I am trying to write to BigQuery using google dataflow. But the data is corrupt because of which the data I am trying to write in a column of a table in BigQuery is not matching the datatype of that column. So the job logs show errors like the one given below:
BigQuery job "dataflow_job_6154554826811450962-B" in project "analytics-repo-dev" finished with error(s): errorResult: JSON table encountered too many errors, giving up. Rows: 1951; errors: 1., error: JSON table encountered too many errors, giving up. Rows: 1951; errors: 1., error: JSON parsing error in row starting at position 32470424514 at file: gs://abhishek_bucket/staging_bucket/6154554826811451567/dax-tmp-2016-08-21_08_10_40-11073983896195810394-S122-1-e7a57fb7a3ac697f/-shard-00000-of-00001-try-2ac1f1192effdfbb-endshard.json. Could not parse '20-259228628. ' as a timestamp. Required format is YYYY-MM-DD HH:MM[:SS[.SSSSSS]] Field: Ts; Value: 20-259228628.

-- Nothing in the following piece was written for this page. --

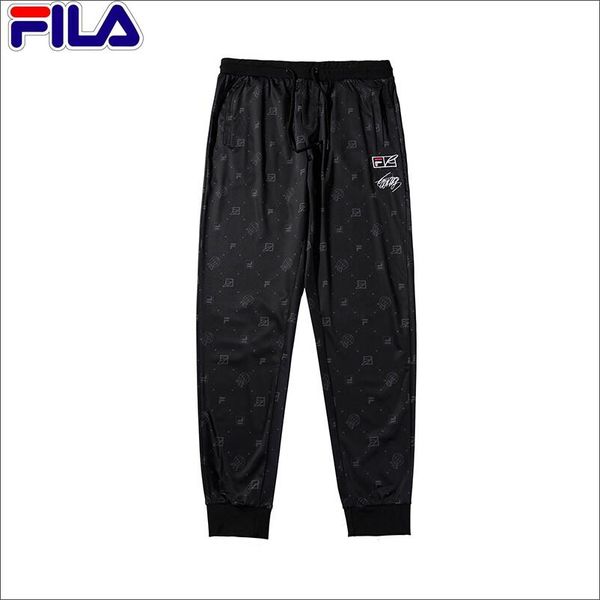 the latest style in spring and summer of 2019fila pants pocket safari style casual elastic waist hip hop sweatpants joggers new stree, Black
the latest style in spring and summer of 2019fila pants pocket safari style casual elastic waist hip hop sweatpants joggers new stree, Black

The problem is these are "errors" and not "exceptions". So the moment Dataflow gets these errors, the entire dataflow job stops. So I need a mechanism to "catch" them. Had these messages been "exceptions", I would have handled them separately and the job would not have failed completely.
So is there a way to get the actual exceptions which get raised when i try to write bad data to BigQUery in Google Dataflow?